I just couldn't go on like this anymore. My gut had been bothering me for weeks now and I couldn't figure out what to do about it. So, I finally went in to the hospital to get checked out. It was a Tuesday afternoon so it wasn't too horribly busy in there so they could take me in to a doctor pretty quickly. I sat in a chair patiently waiting for the doctor to come in. I was not ready for one of a beautiful women to walk in. Her name was Dr. Lieb and she was about 5'11, redheaded, and in good shape. I could tell by the shape of her bust that she had moderately sized breasts. I'm not particularly fond of gigantic breasts so I found that rather attractive. The most tantalizing thing about her, however, was her ass. It was pear shaped and delightfully large (I got a good look at this as she was fiddling with the light switches on the other side of the room). It was delightful and contained in her tight dress she wore under her doctor's coat. I was admiring it when she whipped around.
"So, ummmm, Tom! What seems to be the issue you're having?" She asked with a small smirk and look of genuine affection on her face. "It says you are in here to receive some help regarding your stomach? Is that true?"
"Yes exactly," I stammer out as I tryed to remain cool. "I have had a sour gut for about two weeks. Nothing else seems to be wrong but I just can't seem to shake it."
"Hmmmm" she pondered "Well considering what you are saying about not having any other ill symptoms it might just be that you are eating something or too much of something and it's souring your stomach. Luckily for you the nutritionist is in today!"
"Nutritionist?" I asked "What are they going to be able to do for me that well help me? I was hoping for some extra strength tums or something not a lecture on eating salad."
Dr. Lieb pondered my statement for a moment then responded "I don't think you should worry about a sermon from Dr. Myers. I'm going check and see if Myer's is in and then hopefully the doc will be right in. If you still aren't satisfied I can come back and we'll talk more. Okay?" She said with a wry smile. As she stood up she dropped her pen. "Oops!" she said as she bent over away from me. As she did her dress, which was seemingly modest but was actually rather short, slip up to where I caught a glint of the pink thong she was wearing.
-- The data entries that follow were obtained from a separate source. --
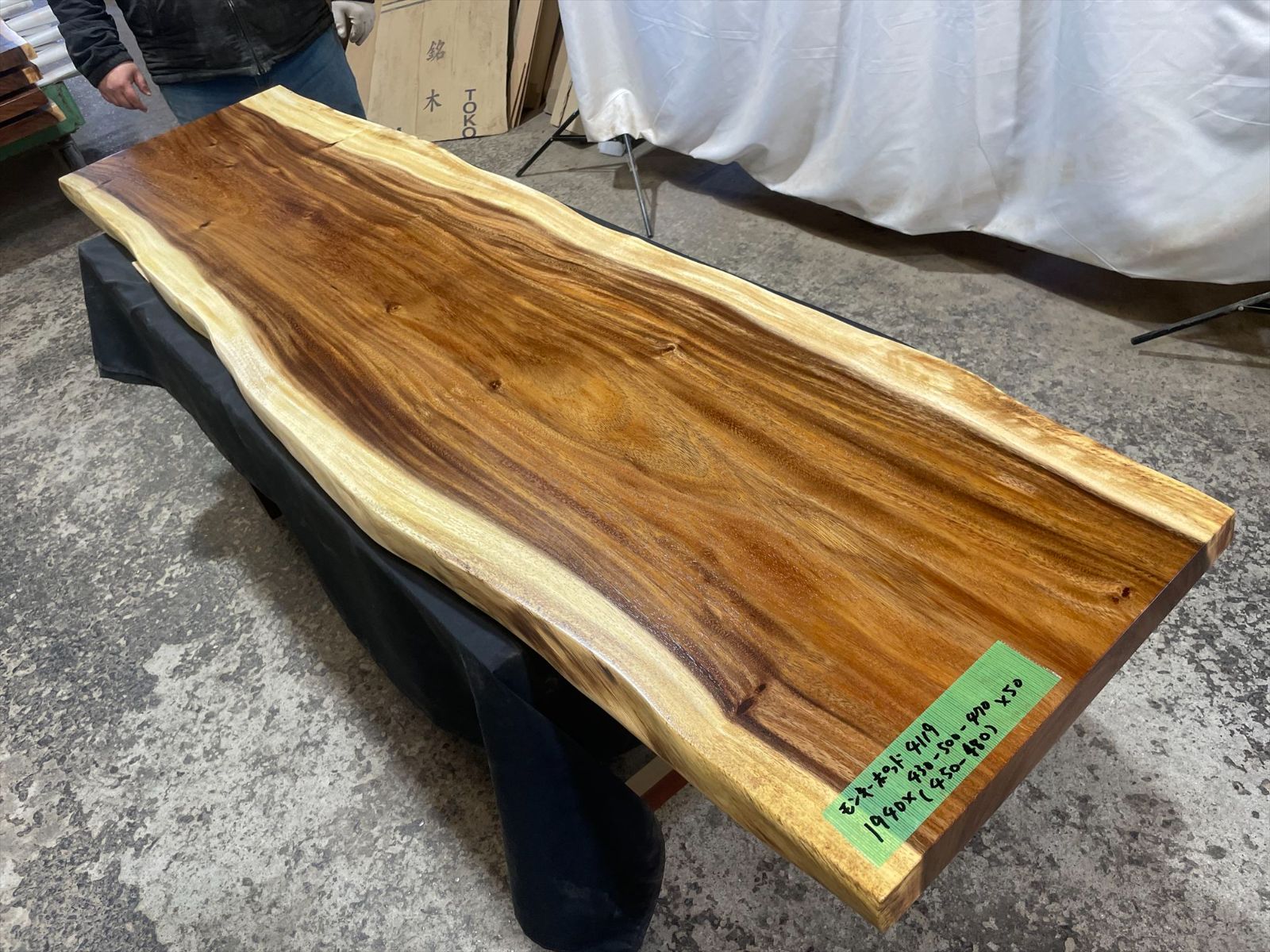 モンキーポッド4119　一枚板無垢 乾燥材　1940ｘ430-500-470ｘ50mm カウンター　センターテーブル　ダイニングテーブル
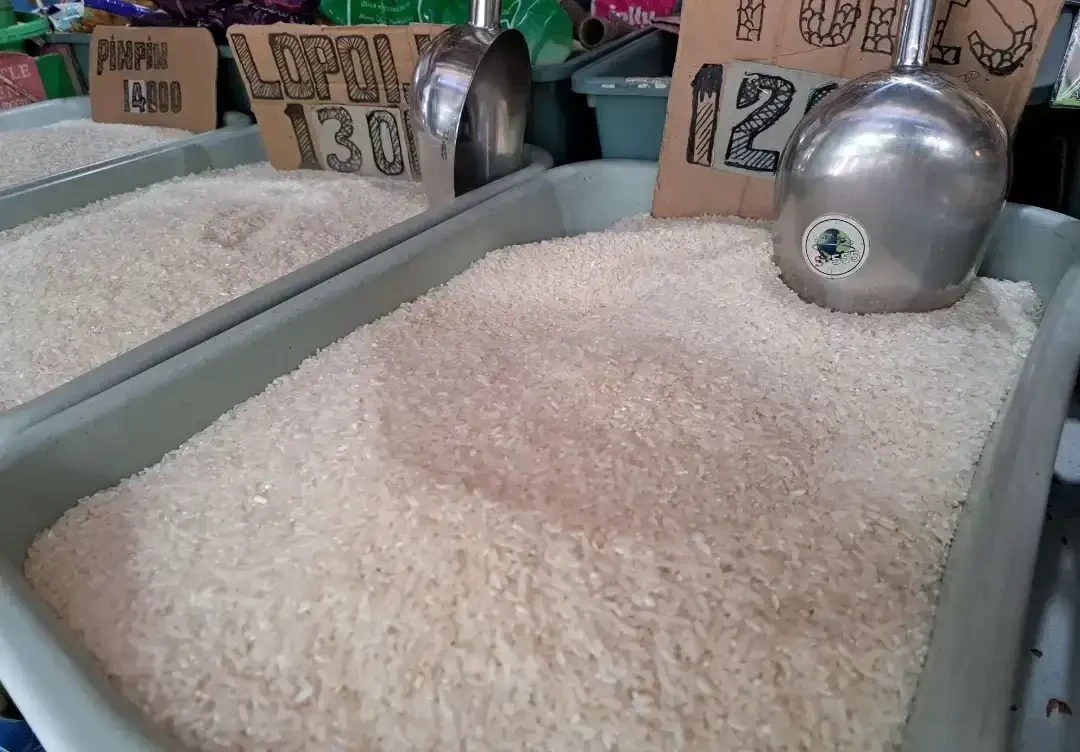 Ilustrasi. Harga beras yang mengalami kenaikan per kilogramnya di Kabupaten Bojonegoro dan sekitarnya (Foto: Pita Sari/Ngopibareng.id)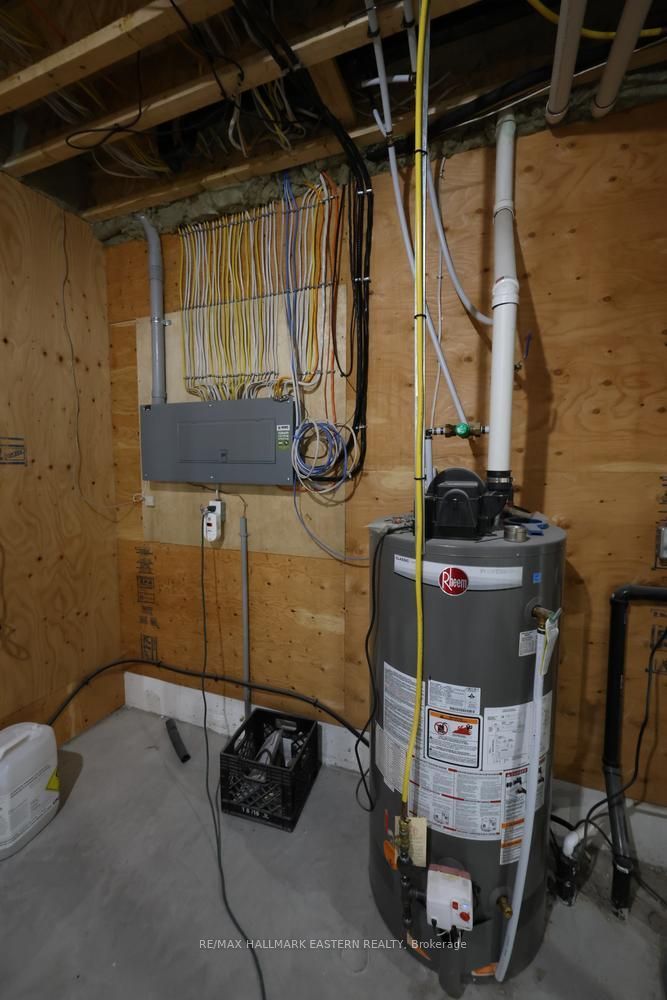 639 8th Line S Property Photo 42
She stood back up and recomposed herself. I was shocked and delighted.
"Fine. That's uuuuhhh fine" I stammered out trying not to sound too aroused. In truth, I was damn close to rock hard. She left without another word. Great now I had to seem some stuffy nutritionist who is going to tell me my diet is shit and that I'm going to die. I sat and played on my phone for a bit and was reading my twitter timeline when in came the nutritionist, Dr. Myers.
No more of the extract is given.